The metrics, task and full model are defined similar to the basic retrieval model.

metrics = tfrs.metrics.FactorizedTopK(
  candidates=movies.batch(128).map(candidate_model)
)

task = tfrs.tasks.Retrieval(
  metrics=metrics
)

class Model(tfrs.Model):

    def __init__(self, query_model, candidate_model):
        super().__init__()
        self._query_model = query_model
        self._candidate_model = candidate_model

        self._task = task

    def compute_loss(self, features, training=False):
        watch_history = features["context_movie_id"]
        watch_next_label = features["label_movie_id"]

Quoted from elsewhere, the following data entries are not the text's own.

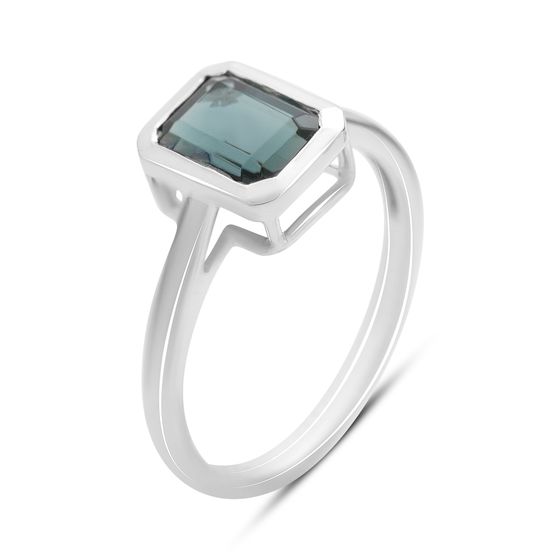 Серебряное кольцо с топазом Лондон Блю 1.4ct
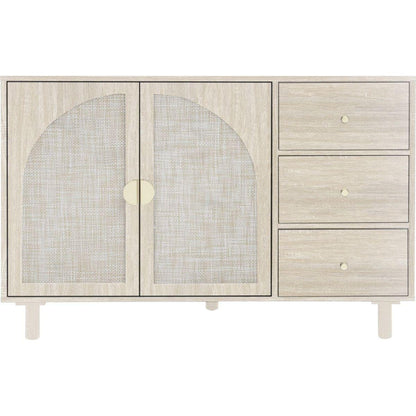 2 Door 3 Drawer Cabinet, Suitable for Bedroom, Living Room, Study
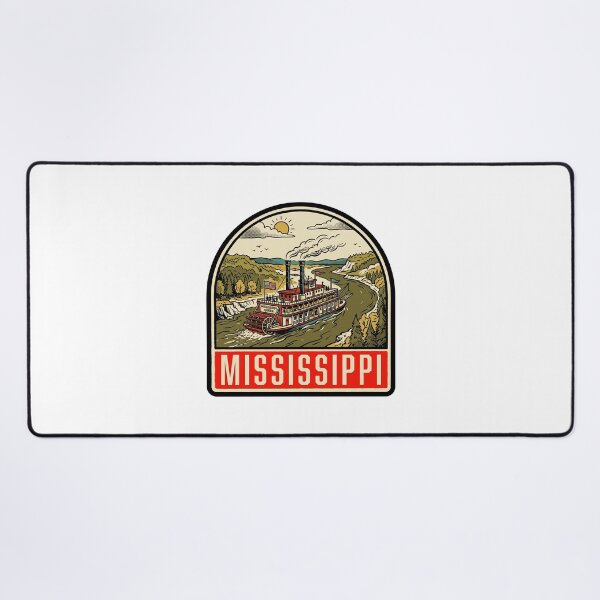 Item preview, Vintage Mississippi River Steamboat Retro Travel Art designed and sold by Paper Drip.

        query_embedding = self._query_model(watch_history)       
        candidate_embedding = self._candidate_model(watch_next_label)

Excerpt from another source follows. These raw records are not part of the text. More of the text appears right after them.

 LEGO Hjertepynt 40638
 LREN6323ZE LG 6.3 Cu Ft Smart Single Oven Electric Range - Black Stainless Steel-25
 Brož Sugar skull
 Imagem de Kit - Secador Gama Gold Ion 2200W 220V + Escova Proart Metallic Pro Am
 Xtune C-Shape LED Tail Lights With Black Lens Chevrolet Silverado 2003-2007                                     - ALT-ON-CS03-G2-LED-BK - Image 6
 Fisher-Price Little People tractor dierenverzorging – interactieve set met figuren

        return self._task(query_embedding, candidate_embedding, compute_metrics=not training)

Fitting and evaluating

We can now compile, train and evaluate our sequential retrieval model.

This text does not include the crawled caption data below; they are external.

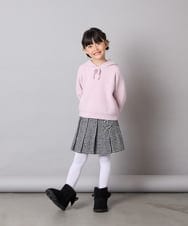 KJFAD04039 a.v.v KIDS(アー・ヴェ・ヴェ) [120-160]ニットパーカー ピンク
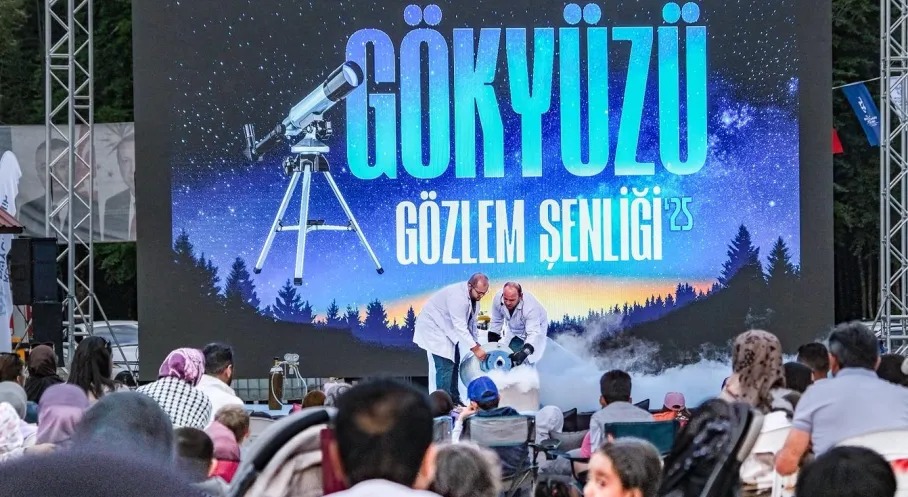 Kuzuyayla'da Uzay Şöleni: 12 Bin Kişi Gökyüzünü Keşfetti!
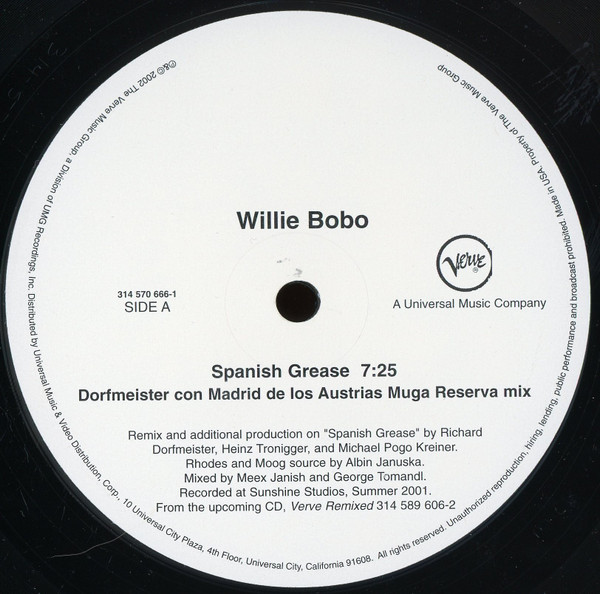 Willie Bobo — Spanish Grease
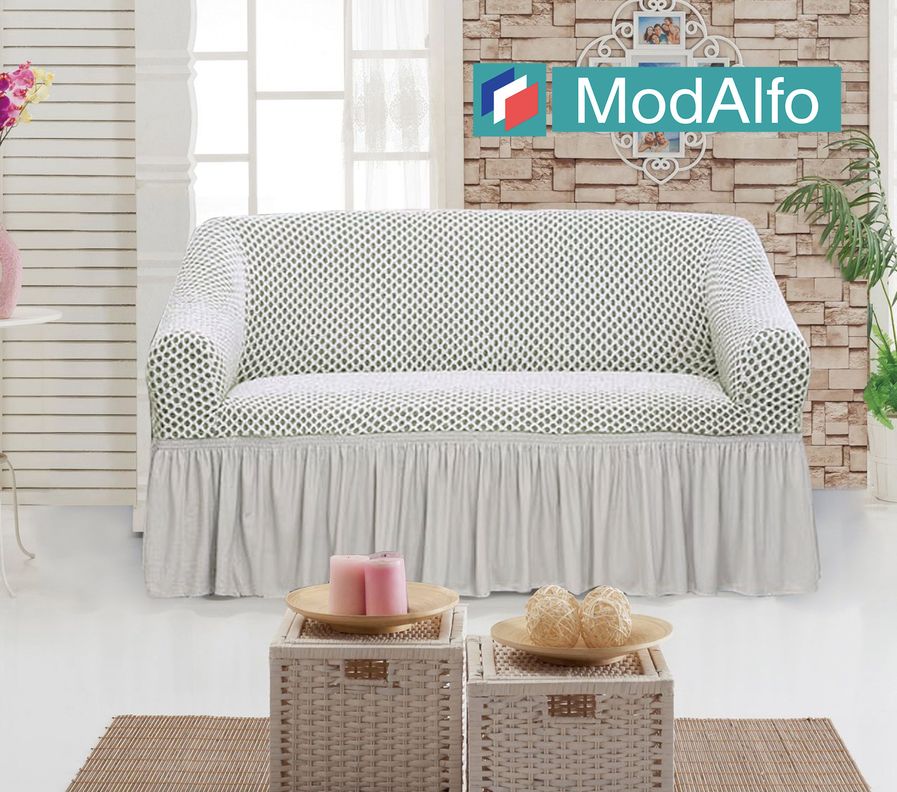 Funda para sofá 2 cuerpos blanco 85 x 135 cm-1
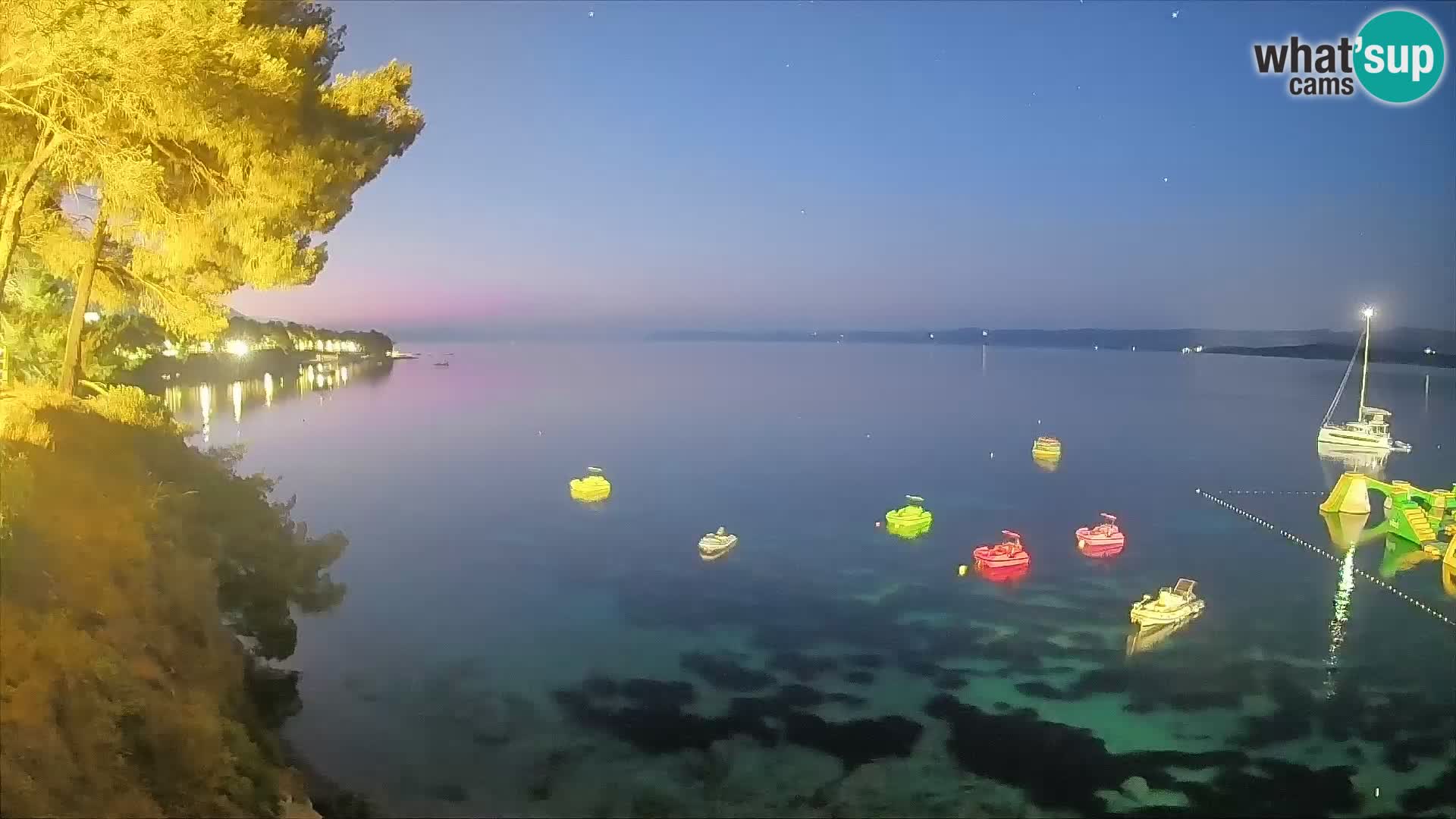 Webcam Playa Potočine Bol – Vista en vivo de Borak Beach, Isla de Brač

model = Model(query_model, candidate_model)
model.compile(optimizer=tf.keras.optimizers.Adagrad(learning_rate=0.1))
cached_train = train_ds.shuffle(10_000).batch(12800).cache()
cached_test = test_ds.batch(2560).cache()
model.fit(cached_train, epochs=3)
Epoch 1/3
67/67 [==============================] - 25s 291ms/step - factorized_top_k/top_1_categorical_accuracy: 0.0000e+00 - factorized_top_k/top_5_categorical_accuracy: 0.0000e+00 - factorized_top_k/top_10_categorical_accuracy: 0.0000e+00 - factorized_top_k/top_50_categorical_accuracy: 0.0000e+00 - factorized_top_k/top_100_categorical_accuracy: 0.0000e+00 - loss: 107448.4467 - regularization_loss: 0.0000e+00 - total_loss: 107448.4467
Epoch 2/3
67/67 [==============================] - 2s 25ms/step - factorized_top_k/top_1_categorical_accuracy: 0.0000e+00 - factorized_top_k/top_5_categorical_accuracy: 0.0000e+00 - factorized_top_k/top_10_categorical_accuracy: 0.0000e+00 - factorized_top_k/top_50_categorical_accuracy: 0.0000e+00 - factorized_top_k/top_100_categorical_accuracy: 0.0000e+00 - loss: 100932.0125 - regularization_loss: 0.0000e+00 - total_loss: 100932.0125
Epoch 3/3
67/67 [==============================] - 2s 25ms/step - factorized_top_k/top_1_categorical_accuracy: 0.0000e+00 - factorized_top_k/top_5_categorical_accuracy: 0.0000e+00 - factorized_top_k/top_10_categorical_accuracy: 0.0000e+00 - factorized_top_k/top_50_categorical_accuracy: 0.0000e+00 - factorized_top_k/top_100_categorical_accuracy: 0.0000e+00 - loss: 99336.2015 - regularization_loss: 0.0000e+00 - total_loss: 99336.2015
<keras.callbacks.History at 0x7f0904d5b410>
model.evaluate(cached_test, return_dict=True)
37/37 [==============================] - 10s 235ms/step - factorized_top_k/top_1_categorical_accuracy: 0.0146 - factorized_top_k/top_5_categorical_accuracy: 0.0780 - factorized_top_k/top_10_categorical_accuracy: 0.1358 - factorized_top_k/top_50_categorical_accuracy: 0.3735 - factorized_top_k/top_100_categorical_accuracy: 0.5058 - loss: 15478.0652 - regularization_loss: 0.0000e+00 - total_loss: 15478.0652
{'factorized_top_k/top_1_categorical_accuracy': 0.014605699107050896,
 'factorized_top_k/top_5_categorical_accuracy': 0.07804987579584122,
 'factorized_top_k/top_10_categorical_accuracy': 0.1358330100774765,
 'factorized_top_k/top_50_categorical_accuracy': 0.3735221028327942,
 'factorized_top_k/top_100_categorical_accuracy': 0.5058262944221497,
 'loss': 9413.1240234375,
 'regularization_loss': 0,
 'total_loss': 9413.1240234375}

This concludes the sequential retrieval tutorial.